** Data listing follows **

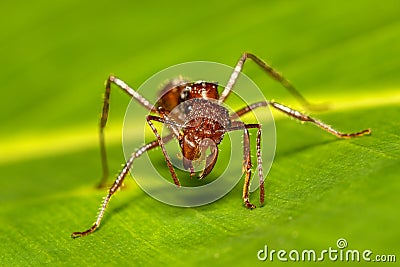 Paraponera clavata known as the bullet ant Tortuguero Cerro, Costa Rica Stock Photo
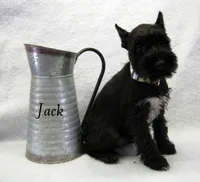 processed/0dcf55a5-8606-471b-aff6-216b0e298769/listing/c6683a71-e184-457d-829f-59160ef6d9bf/13eb3b4b-ba72-4635-83b9-dcaa43954607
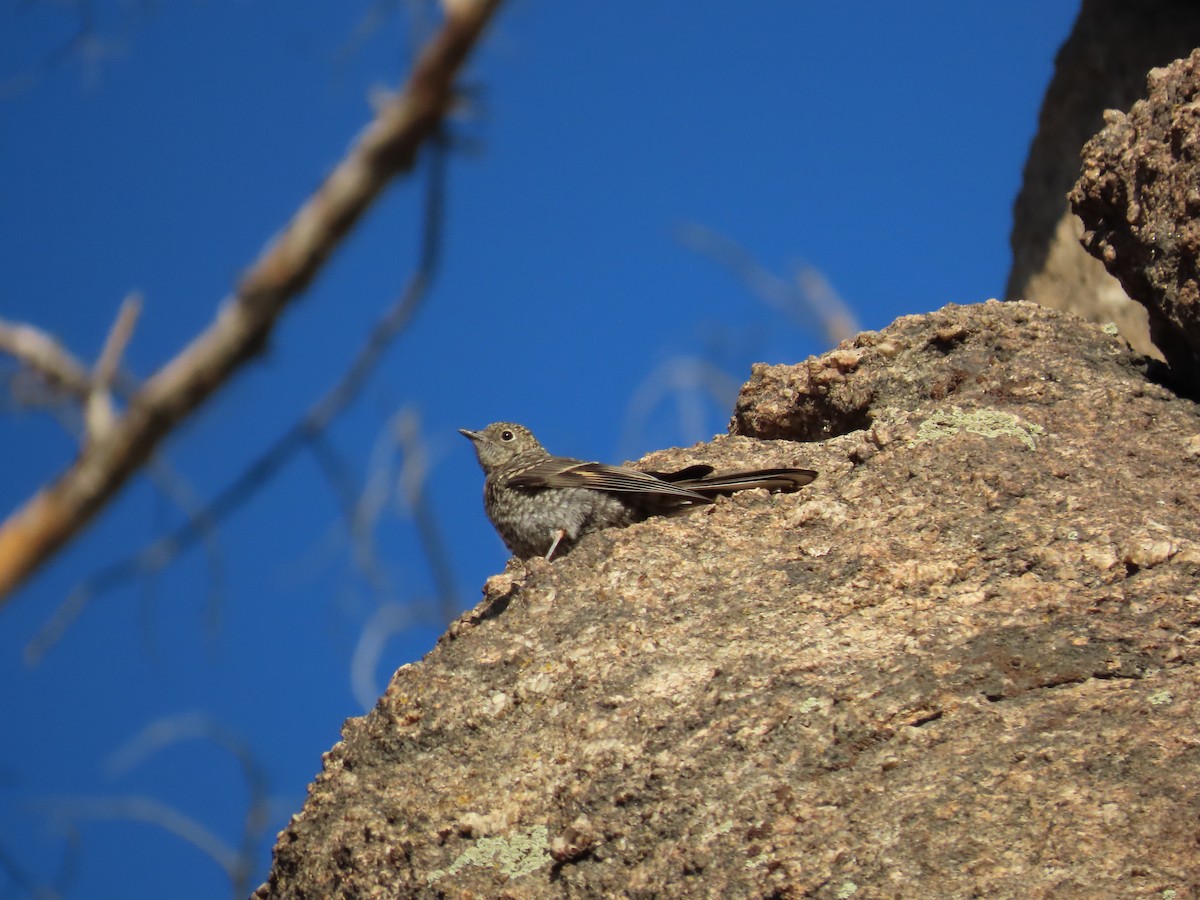 Townsend's Solitaire - ML638846963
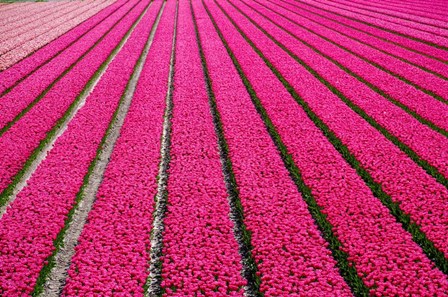 Tulip Field Hot Pink by Cora Niele art print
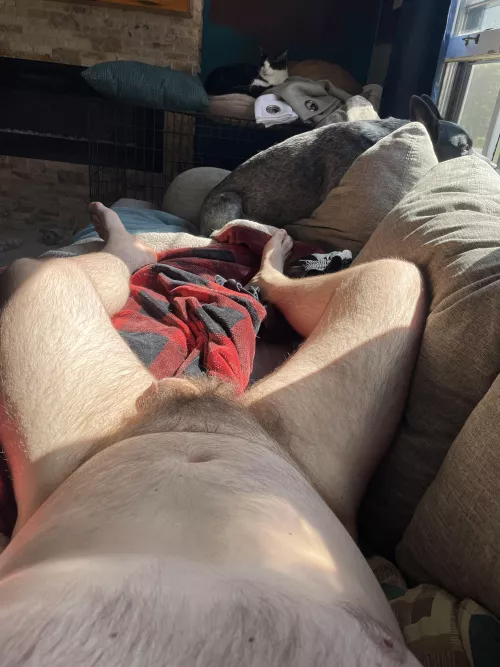 Hope the hot neighbor sees me! Love having the couch by the front window! 😝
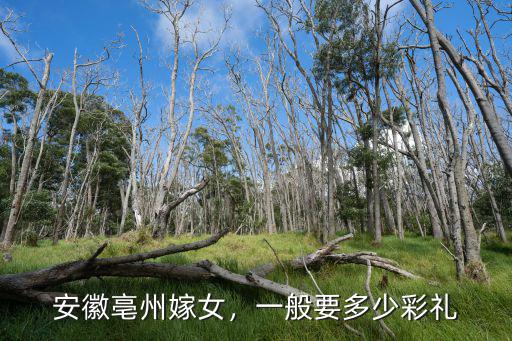 安徽靈璧結婚彩禮一般多少錢,安徽淮北市結婚彩禮錢是多少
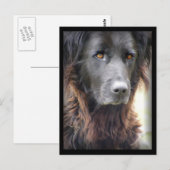 Postkarten für Hunde (Vorne/Hinten)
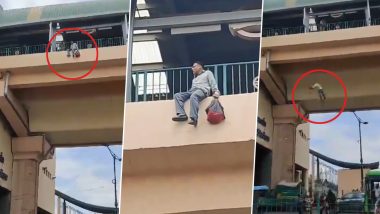 Suicide Caught on Camera in Delhi: Man Jumps to Death From Maharaja Surajmal Metro Station Platform in National Capital, Disturbing Video Surfaces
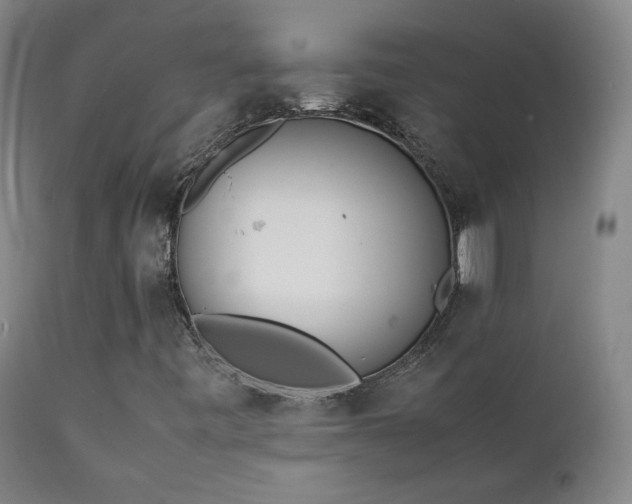 X0000111151443200906301326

** End of Data listing **

Since the pictures are not wanted, repeat only the rest of the material, exactly as given.

 Paraponera clavata known as the bullet ant Tortuguero Cerro, Costa Rica Stock Photo
 processed/0dcf55a5-8606-471b-aff6-216b0e298769/listing/c6683a71-e184-457d-829f-59160ef6d9bf/13eb3b4b-ba72-4635-83b9-dcaa43954607
 Townsend's Solitaire - ML638846963
 Tulip Field Hot Pink by Cora Niele art print
 Hope the hot neighbor sees me! Love having the couch by the front window! 😝
 安徽靈璧結婚彩禮一般多少錢,安徽淮北市結婚彩禮錢是多少
 Postkarten für Hunde (Vorne/Hinten)
 Suicide Caught on Camera in Delhi: Man Jumps to Death From Maharaja Surajmal Metro Station Platform in National Capital, Disturbing Video Surfaces
 X0000111151443200906301326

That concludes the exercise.